*** EXERCISE DATA Section Begins ***

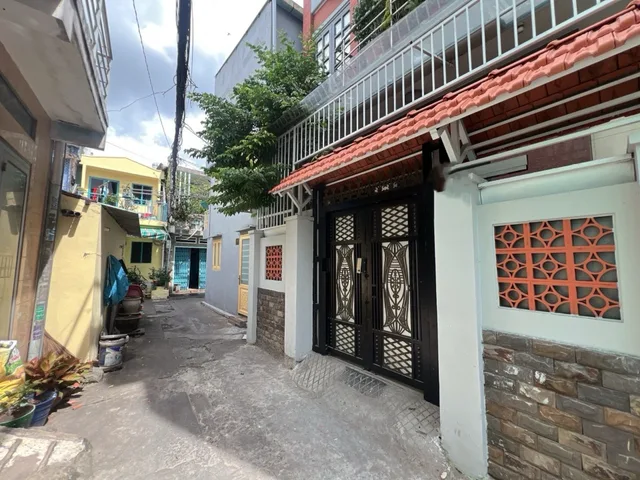 🏢 BÁN CHDV MỚI XÂY - HOÀNG VĂN THỤ, PHÚ NHUẬN - CHỈ 12,9 TỶ

✅ DT 73m² (8x10m), diện tích sàn hoàn công 206m²
✅ Kết cấu: Trệt + 2 lầu + sân thượng
✅ 2 Kiot + 12 phòng khép kín có gác, WC riêng từng phòng
✅ Nhà 2 mặt tiền trước sau thoáng mát, hẻm rộn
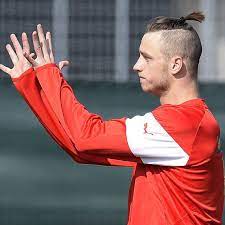 In the game fifa 20 his overall rating is 85. Frisurenalarm Bei Marko Arnautovic
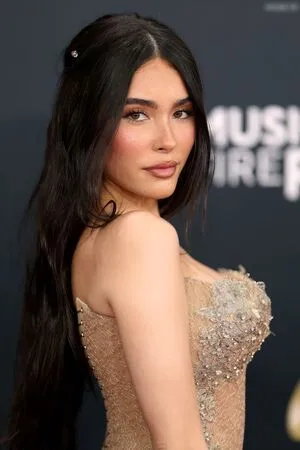Madison Beer OnlyFans Leaked Free Thumbnail Picture - #LQQ9xRDESC
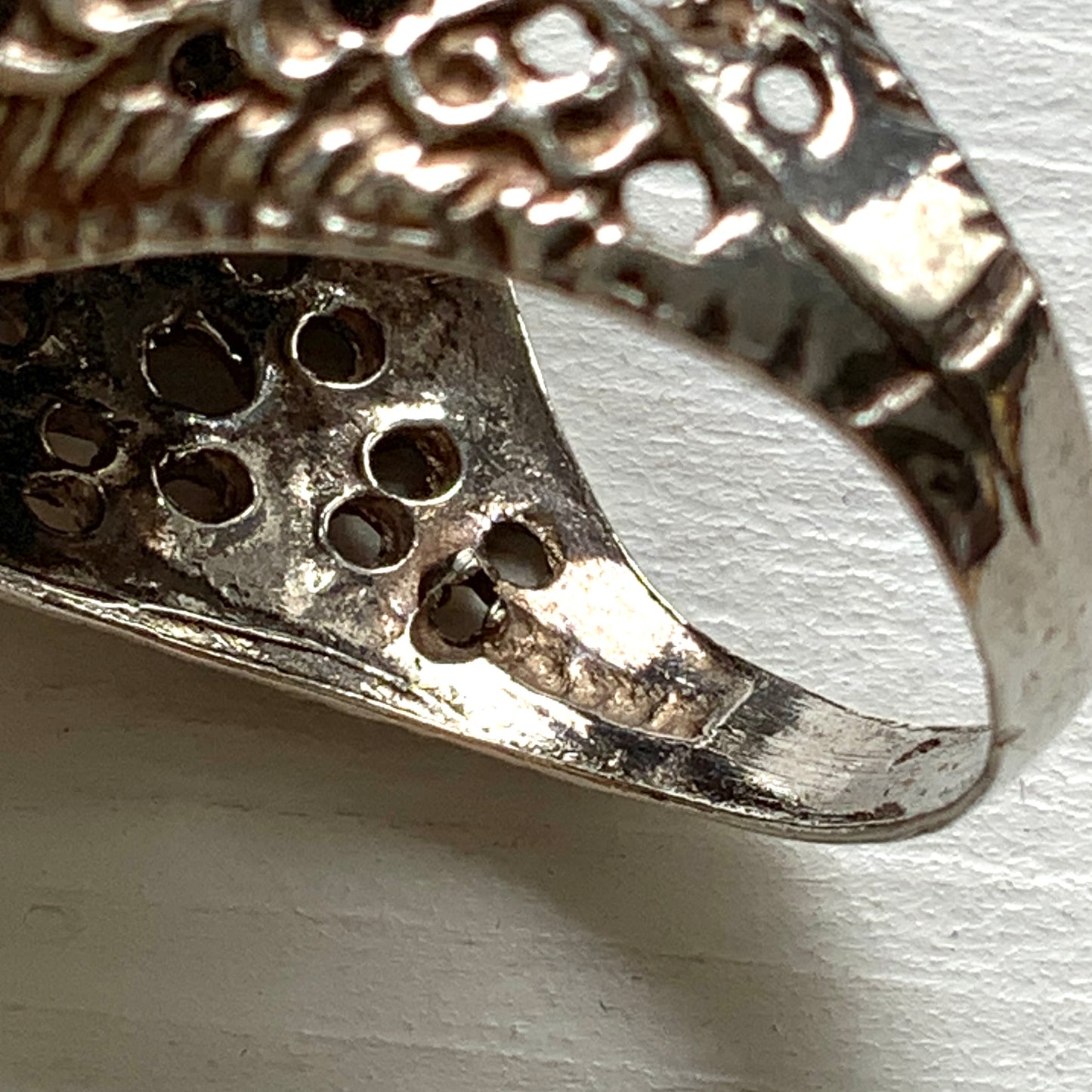 A vintage sterling silver ring set with a 1958 sixpence coin. 1958年の6ペンスコインを使ったシルバーリング。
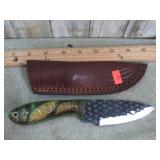 HUNTING KNIFE W/ SHEATH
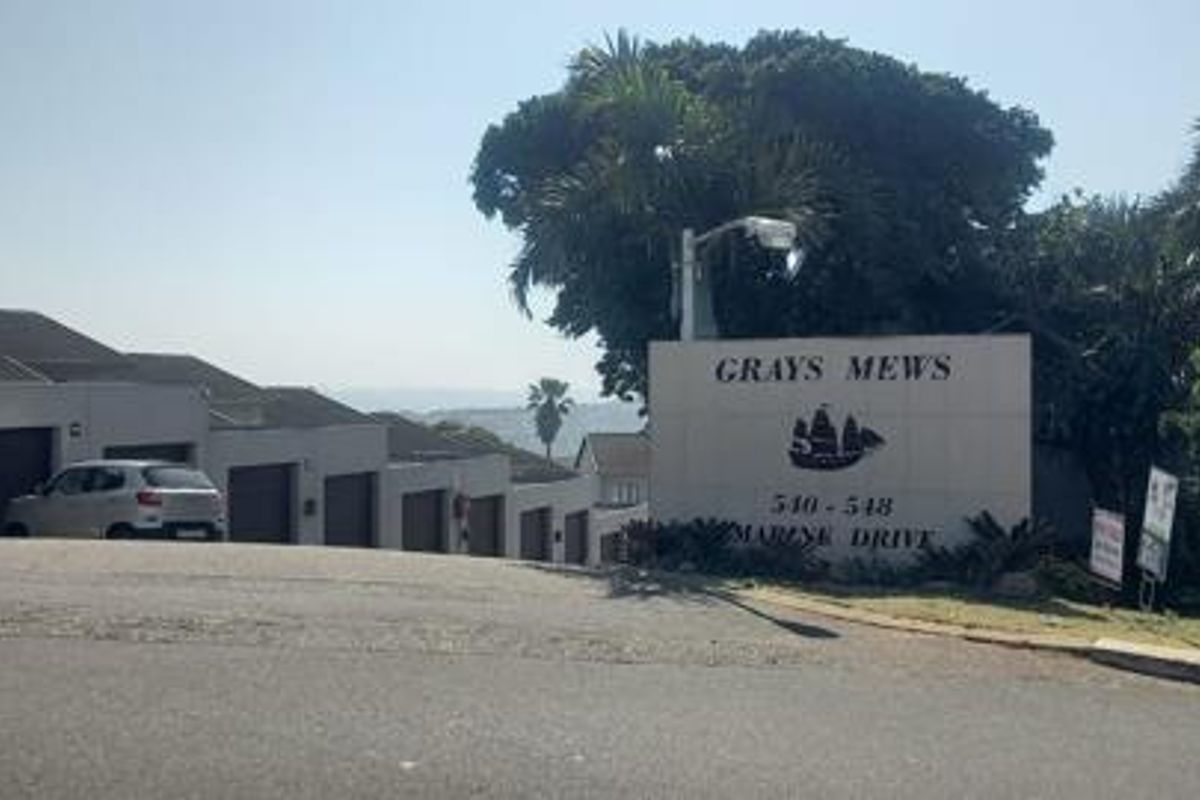 Two bed Townhouse, low maintenance, Marine drive - Photo 3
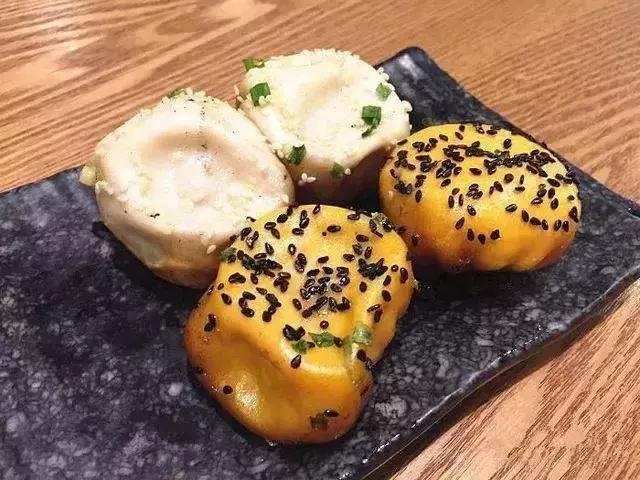 一口下去，满口留香，这便是生煎的魅力！好吃到舔屏！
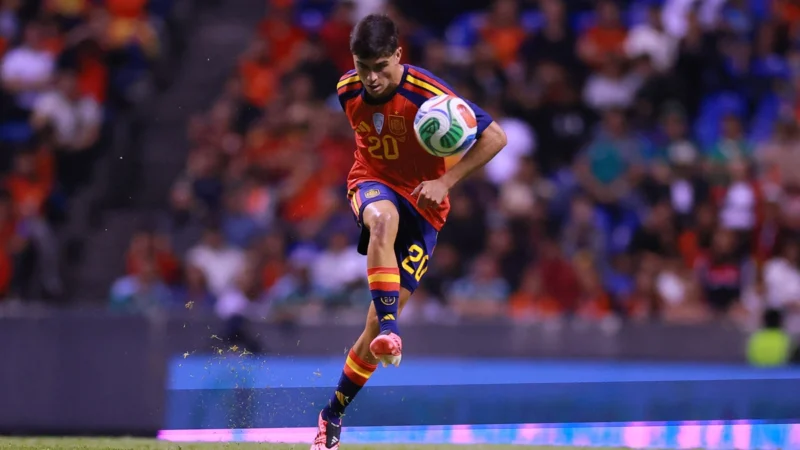 Pedri llegó a los 6 goles con España e iguala a Lamine Yamal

*** EXERCISE DATA Section Ends ***

The line containing "In the game" and each line after it through the end of the listing above are to be written out exactly, without the pictures.

 In the game fifa 20 his overall rating is 85. Frisurenalarm Bei Marko Arnautovic
Madison Beer OnlyFans Leaked Free Thumbnail Picture - #LQQ9xRDESC
 A vintage sterling silver ring set with a 1958 sixpence coin. 1958年の6ペンスコインを使ったシルバーリング。
 HUNTING KNIFE W/ SHEATH
 Two bed Townhouse, low maintenance, Marine drive - Photo 3
 一口下去，满口留香，这便是生煎的魅力！好吃到舔屏！
 Pedri llegó a los 6 goles con España e iguala a Lamine Yamal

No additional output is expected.